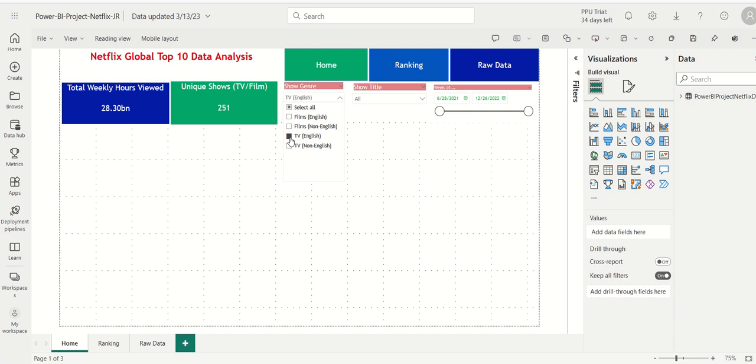...it not only filters on the homepage, but also filters on ranking, as well as raw data. So let's do that. How do we do that?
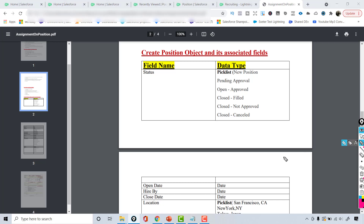Hello guys, welcome back. In the previous tutorial we created our position object and added it under the recruiting application.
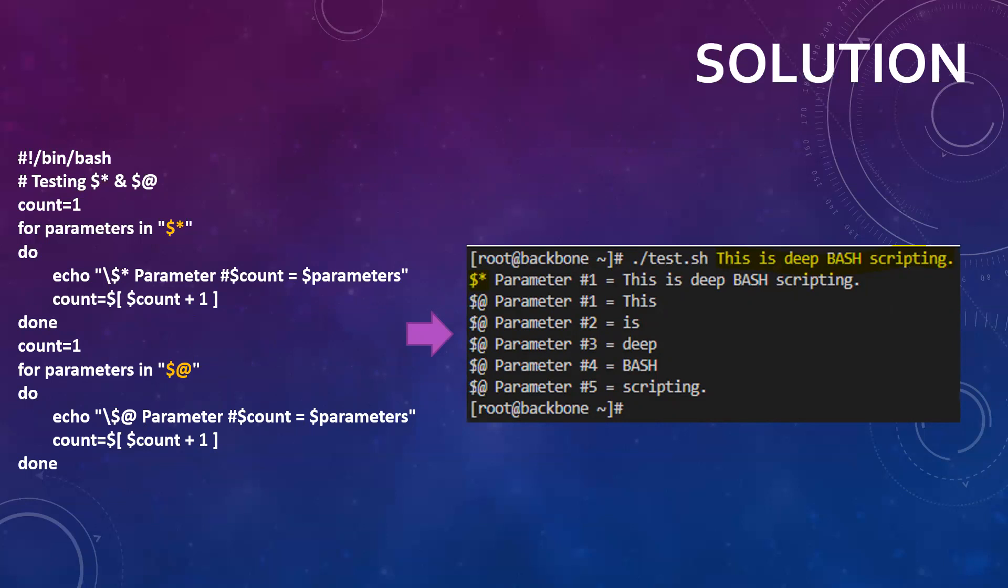Firstly, the first for loop is just reading all the statements or whatever parameters you have given with the script and just printing it on the screen with the count number. Similarly, the same goes for dollar at. And if you see the execution now, just a simple script: the script name and whatever text you want to print.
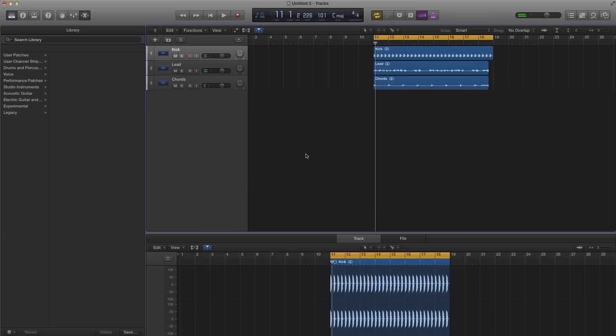What's up YouTube, it's Adam from I'm a Music Mogul. In today's video I'm going to show you how to change the tempo of an audio loop from your sample library and get it to match the tempo of your session song or track.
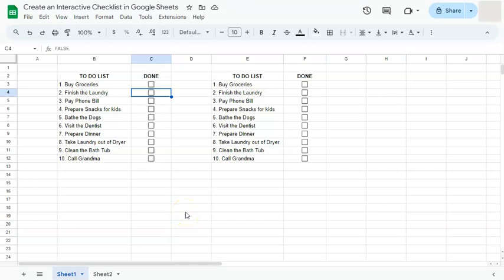In today's video, I'm going to show you how to create an interactive checklist here in Google Sheets. Say you've created a to-do list and you want to help organize everything that you've done throughout the day or on your to-do list.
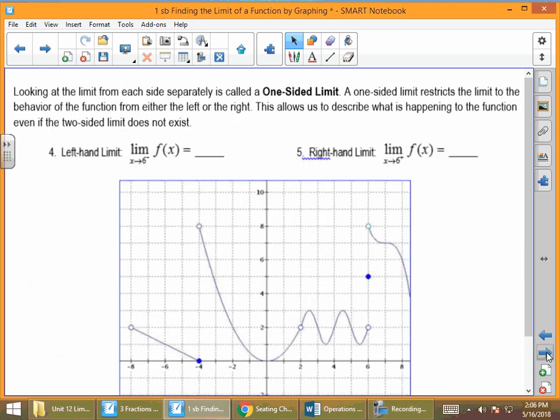Let's flip the paper over. There's one more little part before we do examples, and that is something called one-sided limits. A one-sided limit restricts the limit to the behavior of the function from either the left or the right. This allows us to describe what is happening to the function even if the two-sided limit doesn't exist.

────────────────────

Task requirements
Repeat the material above precisely as it appears, omitting the images it contains.

Task response
...it not only filters on the homepage, but also filters on ranking, as well as raw data. So let's do that. How do we do that?
Hello guys, welcome back. In the previous tutorial we created our position object and added it under the recruiting application.
Firstly, the first for loop is just reading all the statements or whatever parameters you have given with the script and just printing it on the screen with the count number. Similarly, the same goes for dollar at. And if you see the execution now, just a simple script: the script name and whatever text you want to print.
What's up YouTube, it's Adam from I'm a Music Mogul. In today's video I'm going to show you how to change the tempo of an audio loop from your sample library and get it to match the tempo of your session song or track.
In today's video, I'm going to show you how to create an interactive checklist here in Google Sheets. Say you've created a to-do list and you want to help organize everything that you've done throughout the day or on your to-do list.
Let's flip the paper over. There's one more little part before we do examples, and that is something called one-sided limits. A one-sided limit restricts the limit to the behavior of the function from either the left or the right. This allows us to describe what is happening to the function even if the two-sided limit doesn't exist.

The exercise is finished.